What is a dark post?

Dark social is a bit more unique and less noticeable. The term “dark” here refers to the fact that it isn’t done the same way as normal social media advertising, which may be considered “light. It refers to a form of sharing outside of the social media channel itself, such as through email, text message, or instant messaging. While these types of messages can be sent directly to your audience, they often lack trackability. Because they’re being shared outside of the channel, your analytics package won’t pick them up and track the full extent of their reach.

Alexis Madrigal created the term “dark social” in 2012 to classify a type of social sharing that cannot be accounted for by a website’s analytics. It refers to sharing links on external sites, instant messaging, and email. He said that social marketers were actually getting and measuring the very tip of the iceberg.

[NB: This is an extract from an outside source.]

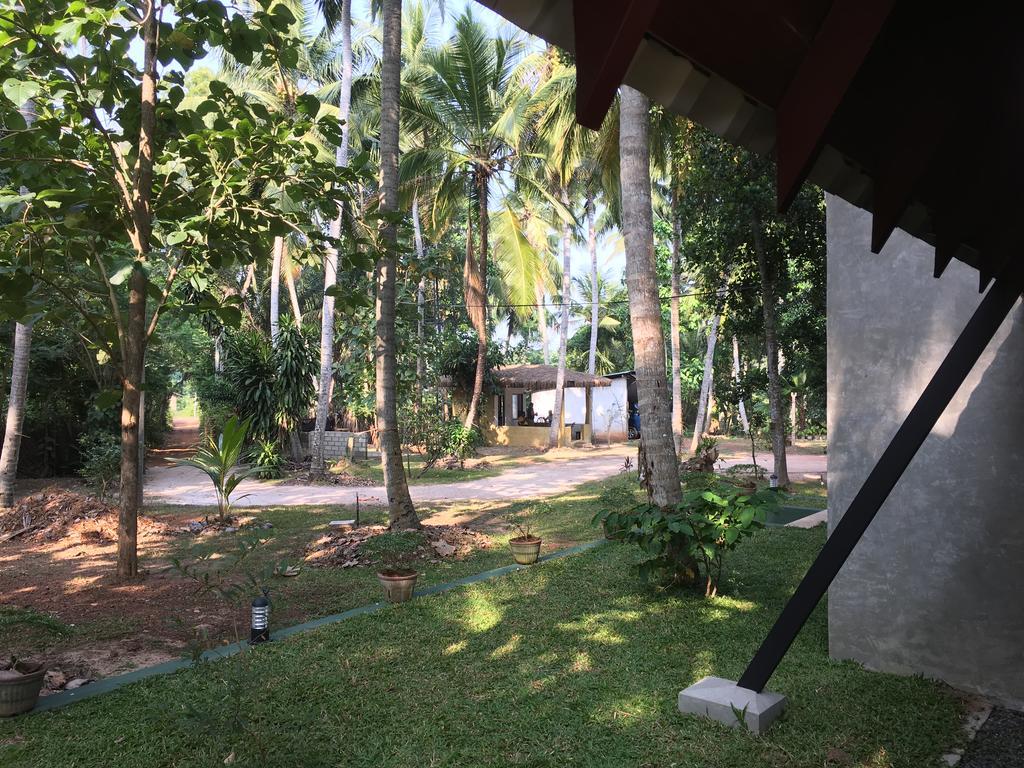 Elegant Hamlets Home Stay ชิลอว์ ภายนอก รูปภาพ
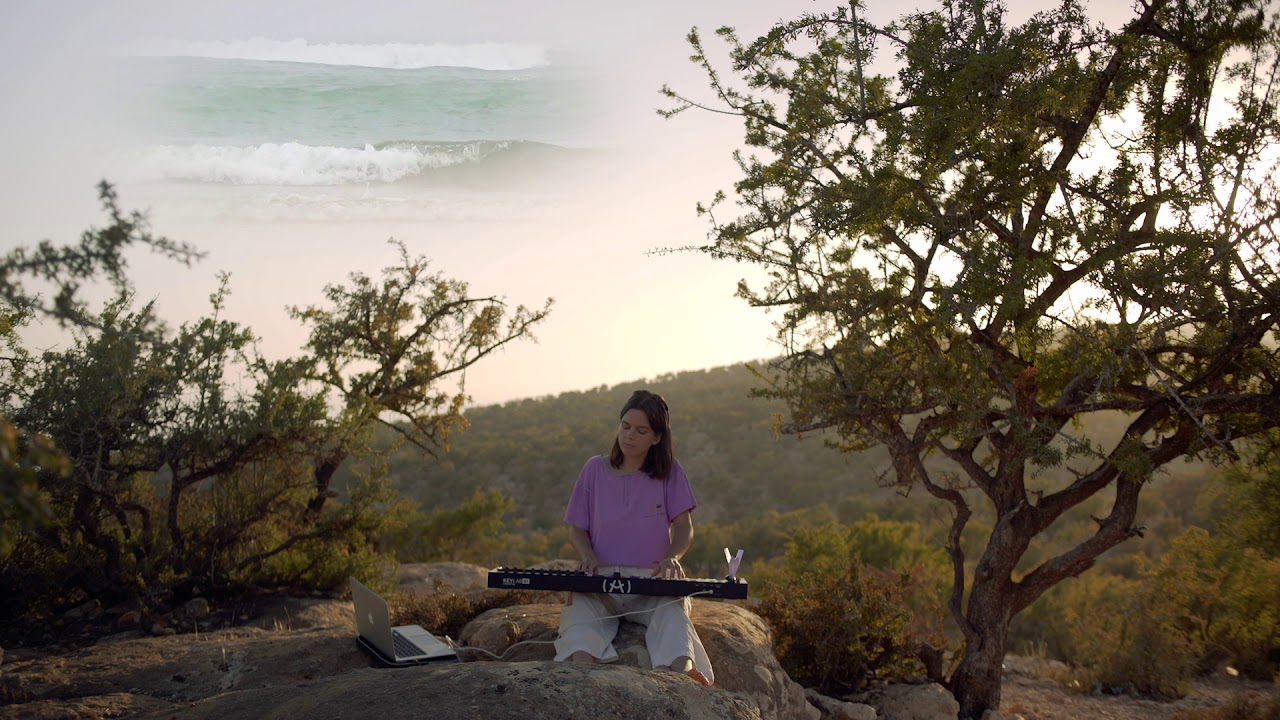 Lointaine Contrée (session live dans la montagne)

For example, when a hospital signs up for a messaging service, you could send alerts about a new patient to everyone on that list. However, it’s also possible that some of these messages will go to the wrong list of recipients if your messaging service uses a shared email list. When this happens, you won’t track who saw the call to action.

Simply, dark social is a way to share content outside of the social media channel itself. Menacing as it sounds, it isn’t always a bad thing, especially if you’re using it as a way to supplement your social media presence.

The most common example of dark social is a group text messaging. If you’ve ever been part of a group message thread, you know that the messages don’t reach everyone on the list. For example, imagine sending out an invite to a party to your entire office. Only a few of your coworkers are likely going to see it, and it’ll get buried within a few hours.

On the other hand, if you send out the same message as part of your company’s announcement list or email marketing campaign, all of your coworkers are more likely to see it, and it’ll reach them faster. The key is using dark social to complement other types of social media. When the two combine forces, they’re much more effective than either could be separate.

What is the main difference between dark posts and dark social?

There’s a substantial difference between dark social and dark posts. Dark posts are genuinely “dark” since they’re only visible to certain segments of the audience you’ve targeted. They appear during a specific timeframe and then disappear from view entirely, so there’s no way to track their reach.

By contrast, dark social messages are any messages sent outside of a social media platform’s interface. They don’t have to disappear since they can be tracked the same way other messages get tracked. The only difference is that the traffic generated by dark social often goes unrecorded by analytics packages because they’re distributed outside of the framework.

Both dark social and dark posts can be used in almost any marketing scenario. Still, they’re most valuable when they’re combined with broader marketing efforts that include paid advertising as well.

Will it affect your brand if you use dark posts or dark social?

Using dark posts and dark social can be unsettling, especially if you’re not sure what the impact will be. For example, you could end up targeting an older demographic without realizing it. In general, it’s a good idea to remember that your followers are more important than their specific characteristics.

Let’s say that you have an audience that tends to skew toward millennials. It would be a mistake to use dark posts in an attempt to attract older users. Instead, you should focus on appealing directly to the millennial audience and using dark posts as an added benefit.

At the same time, you need to remember that your demographics and interests are changing over time. An older audience might not seem like a good prospect now, but it might become one in the future. As such, it’s good to keep your options open when you’re deciding where to place your social media content.


These two terms (dark post and dark social) are not as evil as they sound. They’re handy for advanced marketers and businesses who want to reach out to their audience. Use them at your own risk!